A Diagnostics & Imaging Week
Top HealthSouth (Birmingham, Alabama) executives considered removing Richard Scrushy as chairman but decided against it in the final months of what prosecutors say was a huge fraud conspiracy at the rehabilitation giant, according to testimony yesterday at Scrushy's trial.
Bill Owens, who was HealthSouth's CEO at the time, testified that in the fall of 2002 he met on a Sunday afternoon with then-CFO Tadd McVay and general counsel Bill Horton. Owens said the company was under "pressure" from the outside due to Scrushy's stock transactions, which had drawn shareholder lawsuits and a government probe.
The defense previously has portrayed the meeting at McVay's home as being part of a "coup" against Scrushy, who was then HealthSouth's board chairman. But Owens said the gathering did not result in any changes.
"My position was that Mr. Scrushy should not be removed as chairman, and I expressed that," said Owens.
Prosecutors showed the jury a copy of a later e-mail in which Scrushy chastised McVay for disloyalty.
The message to McVay read: "Cease making any negative comments about me and my leadership abilities to shareholders or analyst a.s.a.p. I have received calls about your insubordination and I am taking this under consideration now. Richard Scrushy."
HealthSouth's board fired Scrushy as chairman in March 2003 after the government filed a civil suit accusing the company and Scrushy of a massive accounting fraud. Scrushy, who later was charged criminally, claims Owens and other HealthSouth executives hid the fraud from him, lying to him for years as they climbed the corporate ladder.
Owens is among 15 former HealthSouth executives who have pleaded guilty in the fraud.
In five days of testimony, Owens has portrayed Scrushy as the leader of what prosecutors allege was a conspiracy to overstate HealthSouth earnings by some $2.7 billion for seven years beginning in 1996. Scrushy wanted to keep stock prices high and made millions off the scam, prosecutors allege.
Owens testified Tuesday that Scrushy initially wanted to keep McVay unaware of the fraud so his judgment wouldn't be "clouded" in talking with potential lenders and investors. But Owens said he had to inform McVay of the fraud because so much bogus money was on the company's books.
"There were numerous problems that had to be dealt with, and yes, I did discuss these with [Scrushy]," Owens testified.
McVay requested a bonus after signing financial statements he knew were false, but Scrushy refused, according to Owens. "We weren't going to be held hostage," testified Owens, explaining Scrushy's reasoning.
Owens, who was HealthSouth's CEO and CFO at different times, said Scrushy wanted to fire McVay, but he warned against dismissing him because McVay was in on the fraud and could cause "significant problems" if terminated.

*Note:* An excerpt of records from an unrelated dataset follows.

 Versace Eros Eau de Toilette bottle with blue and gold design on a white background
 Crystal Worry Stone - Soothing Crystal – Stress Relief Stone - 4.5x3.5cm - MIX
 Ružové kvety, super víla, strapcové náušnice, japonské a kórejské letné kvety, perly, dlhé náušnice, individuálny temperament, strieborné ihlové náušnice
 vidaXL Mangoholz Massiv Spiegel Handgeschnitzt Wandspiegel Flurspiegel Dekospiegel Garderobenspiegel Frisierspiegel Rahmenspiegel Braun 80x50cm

McVay, who later became CFO, is among the Health-South executives who have pleaded guilty. He is expected to testify against Scrushy.
In other legalities:
The law firm of Wolf Haldenstein Adler Freeman & Herz (New York) reported the filing of a class-action lawsuit in U.S. District Court for the District of Massachusetts, on behalf of all persons who purchased the securities of Epix Pharmaceuticals (Cambridge, Massachusetts) between March 18, 2002, and Jan. 14, 2005, against defendants Epix and certain officers and directors of the company.

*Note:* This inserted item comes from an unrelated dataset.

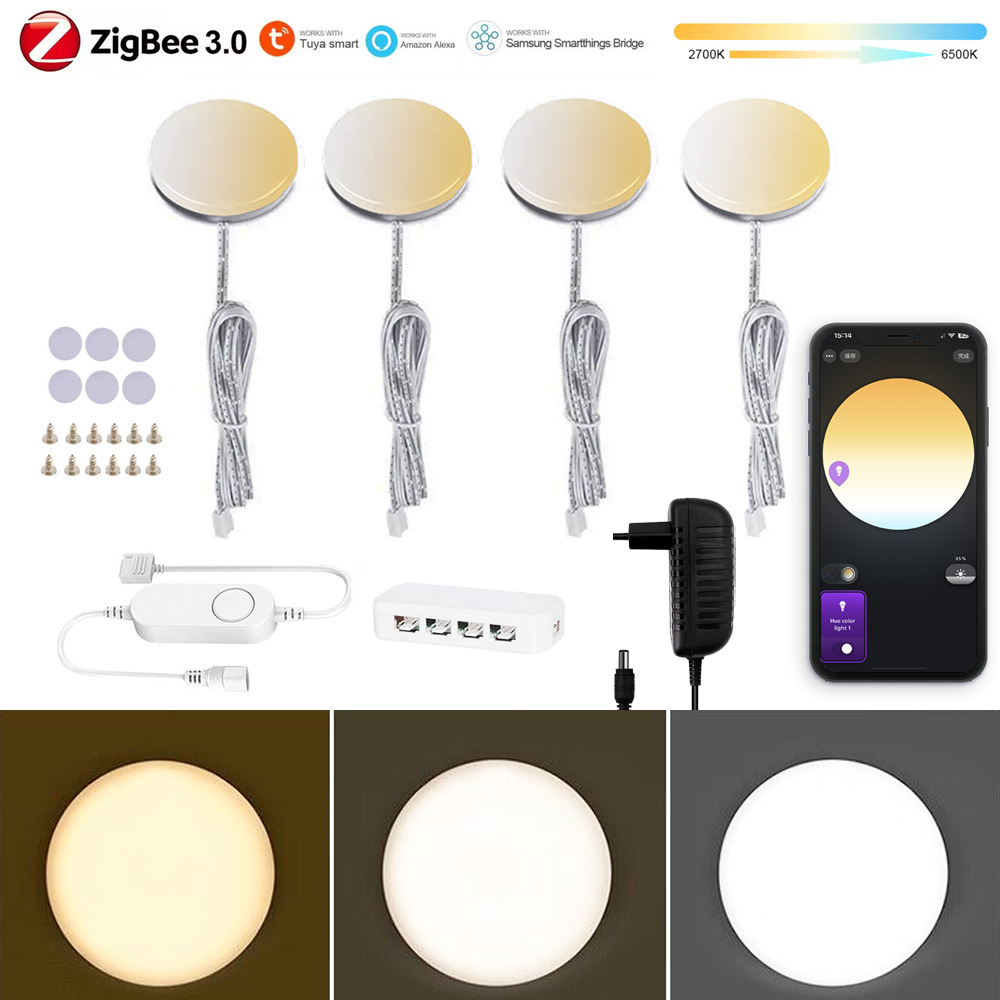 Drawer Dresser White - Zigbee 3.0対応 丸型デュアルホワイトLEDアンダーキャビネットライト CCTカラー調光 音声/アプリ制御 ワードローブ/クローゼット/寝室用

Epix is a developer of targeted contrast agents designed to improve the diagnostic quality of images produced by MRI.
The complaint alleges that defendants violated the federal securities laws by issuing materially false and misleading statements throughout the class period that had the effect of artificially inflating the market price of the company's securities.
The complaint alleges that, among other things, the defendants failed to adopt and implement clinical quality management practices to deal with test and control scan problems which were ultimately responsible for difficulties in the statistical analysis and determination of efficacy of MS-325, the company's lead product under development.

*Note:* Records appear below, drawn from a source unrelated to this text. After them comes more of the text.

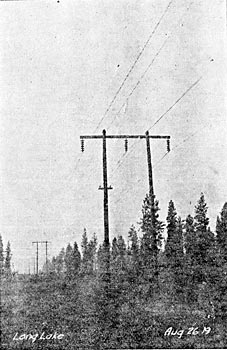 TYPICAL LINE CONSTRUCTION INTERMOUNTAIN POWER CO. NOTE TELEPHONE WIRES ON LOWER CROSS-ARM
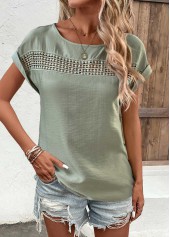 Patchwork Sage Green Short Sleeve Boat Neck Blouse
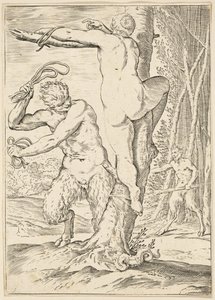 ニンフを鞭打ちするサテュロス、1590〜95年頃 作： Agostino Carracci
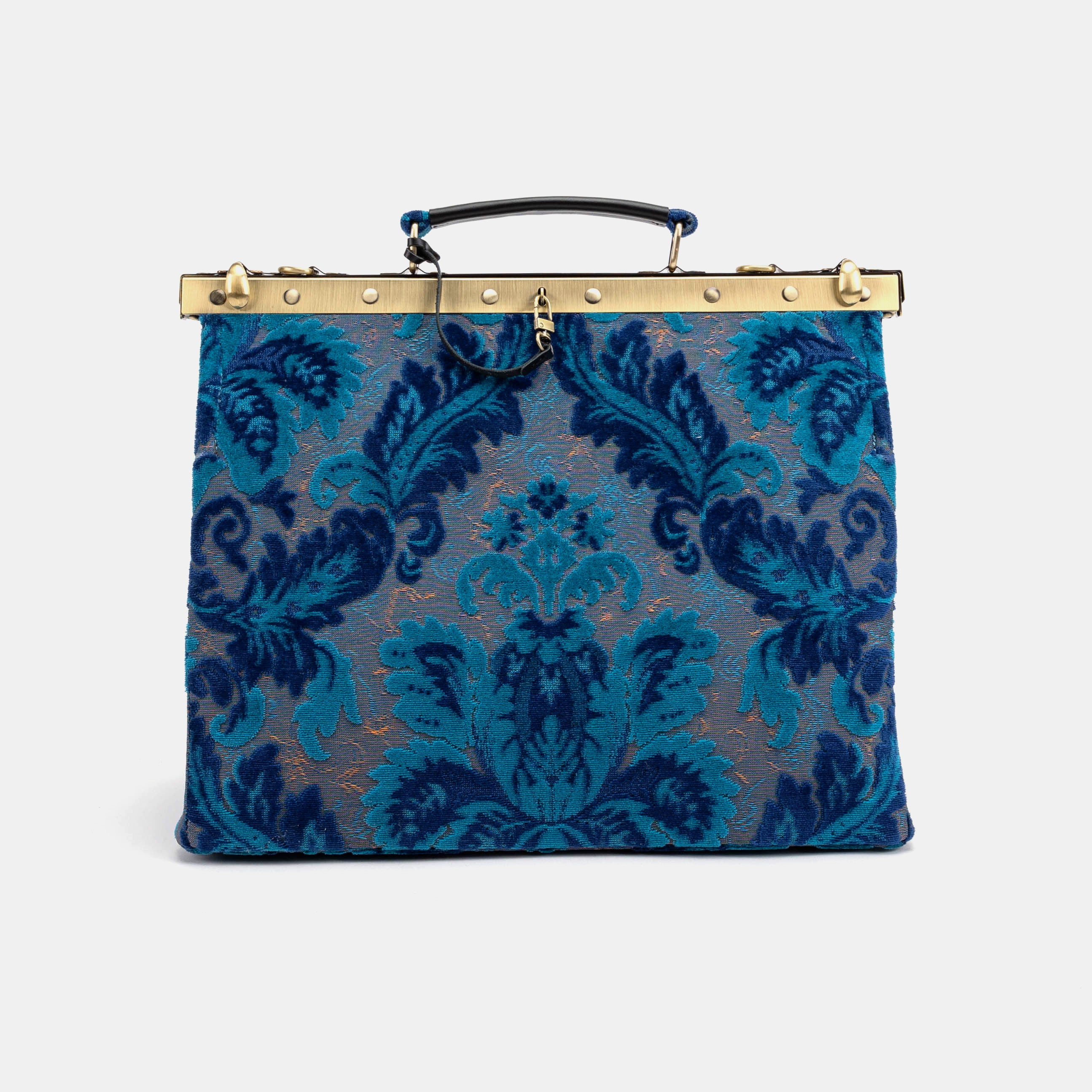 Burnout Velvet Revival Aqua Celine Carpet Gladstone Bag of America front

The complaint also alleges that the Epix Phase III protocol for MS-325 permitted clinical investigators to substitute their own standards for MRI imaging and that those investigators were substituting their own standards for such imaging, resulting in the use of non-standard and non-uniform imaging methods to acquire the non-contrast MRA comparator control scans.
Additionally, the complaint noted that problems with uninterpretable images, multiple standards for acquisition of control scans, deficient clinical quality practices, and difficulties in the statistical analysis and determination of efficacy of MS-325 were known to defendants prior to the submission of the clinical data and results to the FDA.